Google just dropped a metric ton of Google on us. Sorting through it all, it's clear that the company's not just trying to put new goodness into the world; it's trying to blow plenty of existing products and services out of the water. Here are all the things Google's looking to unseat and uppercut into the spike pit.
GroupMe, Skype, All Other Chat
Welp, here's Hangouts. Google announced its new chat app today, which is for conversations (text, photos, albums), between one person or, more importantly, groups. It's on the web, iOS, and Android, and has a ton of group features. Video chat (for the whole group, and free) is obvious, but it gives you notifications for everyone in the chat. It's unified chat in a way that Google hasn't done before, and in a way that should make popular cross-platform apps like GroupMe very nervous.
This one's obvious, but Google announced Google Play Music All Access, a paid subscription music service. You'll be able to sign up for the service, which will be linked and integrated to your Google account better than existing third-party providers ever could be, and listen to full tracks, store them, or just play internet radio. Right through your Google account. Spotify, Pandora, and Rdio all have their cross-platform ubiquity in their favor, but remember: Google is Google, and the web is everywhere.

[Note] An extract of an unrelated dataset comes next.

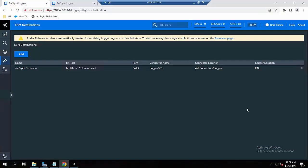Hello everyone. Today I'm going to show you how to create a forwarder from Logger to forward events from Logger to ESM. First, to do this you would need to add the ESM destination.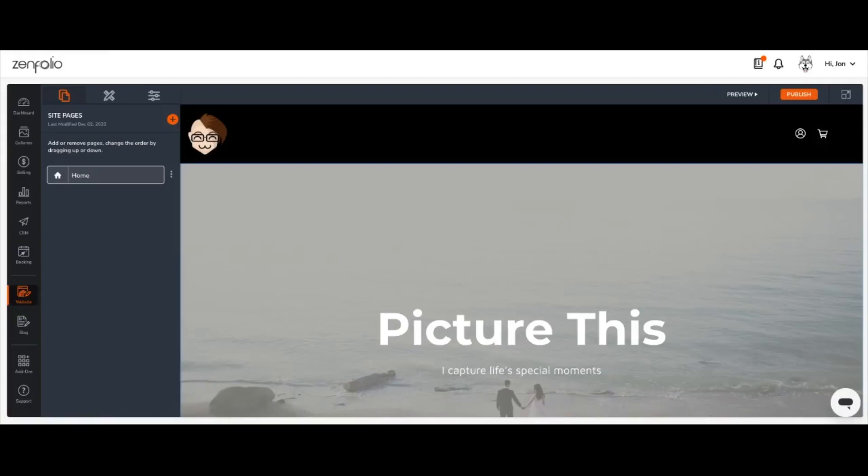Hi there, I'm John and I'm a Zenfolio expert. Today I'm going to show you how to link a gallery directly to a page using the Link Page to Gallery feature.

PayPal, MasterCard MasterPass
Google's new idea for mobile payments, using Google Wallet, is to autocomplete all the fields that mobile stores ask for. Your address, your credit card, your billing zip code. All of it stored in your Google Wallet account. We've seen this novel idea from MasterCard before, and PayPal's offered similar for ages, but if you're automatically logged in as soon as you sign into your phone, well, why would you use something else?
Classrooms haven't gotten smarter at the same rate as the trinkets in our pockets have. That's been obvious for years. Google announced a new platform to buy apps, textbooks, and videos for schools, right through the Google Play interface. Google apps have been in a lot of colleges, but setting up a platform that lets school admins buy content (through funded balances, instead of credit cards), and push it to every student in the district, is a pretty compelling idea.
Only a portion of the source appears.